THE EFFECT OF RHYTHM
And more. For the rhythm of verse not only expresses the emotion out of which it springs; this it also communicates. It imparts to the hearer its own energy and kindles him to a like emotion. Poetry has much in common with other kinds of literature. Prose may render a heightened image of the world, as in the novel; it may rouse to action, as in oratory. In essence, imaginative literature may have a constant element within its various manifestations. What primarily distinguishes poetry from prose is this element of definite rhythm. By virtue of it, poetry is more immediate and more intense in its appeal. The “imitative movements,” psychologists would say, set going in our own organism, rouse in us a corresponding emotion. Rhythm, too, makes for ease of perception, and is in itself a source of pleasure. When rightly managed, it serves also to emphasize the intellectual content of the verse. The rhythm of poetic form is not a mechanical contrivance, but is the inevitable thrust of the passion within. At its best, it is never monotonous. It should not be a regularly recurring series of alternate beats, or “sing-song”; by subtle variations of stress, corresponding both to the emotional impetus and to the meaning of the words, it may unfold itself in undulations; the surge of the inner tide may break in dancing wave crests, an infinite variety of light and shade, playing over the surface of the great central unity. The meter may change step at need, obedient to an inner law. Come lovely and soothing death, Undulate round the world, serenely arriving, arriving In the day, in the night, to all, to each, Sooner or later delicate death.〖Walt Whitman, H.C., xlii, 1417.〗 And so on through a surpassingly beautiful poem. The meter, or measured foot, is not evident here, but inevitably we feel a deep-drawn throb that lays hold on us, and carries us to its own mood. To such lines as these we gratefully accord the honorable name of poetry.
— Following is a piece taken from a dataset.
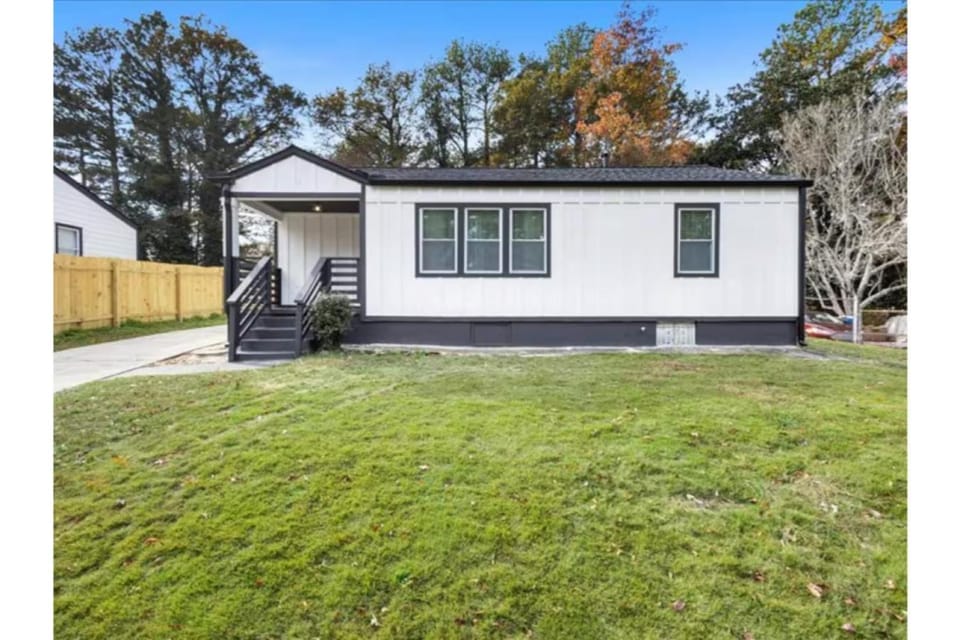 Private Fenced Yard - Fireplace - Free Parking House in Atlanta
Rhythm alone, however, is not enough to constitute a poem. A mere drone of words in meaningless repetition, though it may illustrate one of the origins of poetry, is not poetry itself. There must be progress in the recurrence, and the repeat must build itself up into a pattern. Any bit of experience, to be truly understood or vitally assimilated, must be apprehended as a whole. In the tumult of the world external to him the mind of man insistently demands order and significance. Nature has compelled the poet to her own rhythm; that is his inspiration. The poet must now compel nature to his purposes of expression; that is his art. His temperament has vibrated to the sweep of cosmic influences; now his mind enters as a controlling and organizing force to shape his perception and his meaning into a single total unity. Out of rhythm in repetition and combination he frames a harmony. And so his poem presents a wholeness of impression. His pattern is built of the repeat of single elements: metrical bars or feet compose the line or verse; lines combine into stanzas; and stanzas fashioned after a common design succeed one another in progress to the end. Here again, the structure is not mechanical or arbitrary: each verse is measured to the turn of the thought; and the formal unity of the whole poem corresponds to the unity of mood or idea that the poem is framed to express.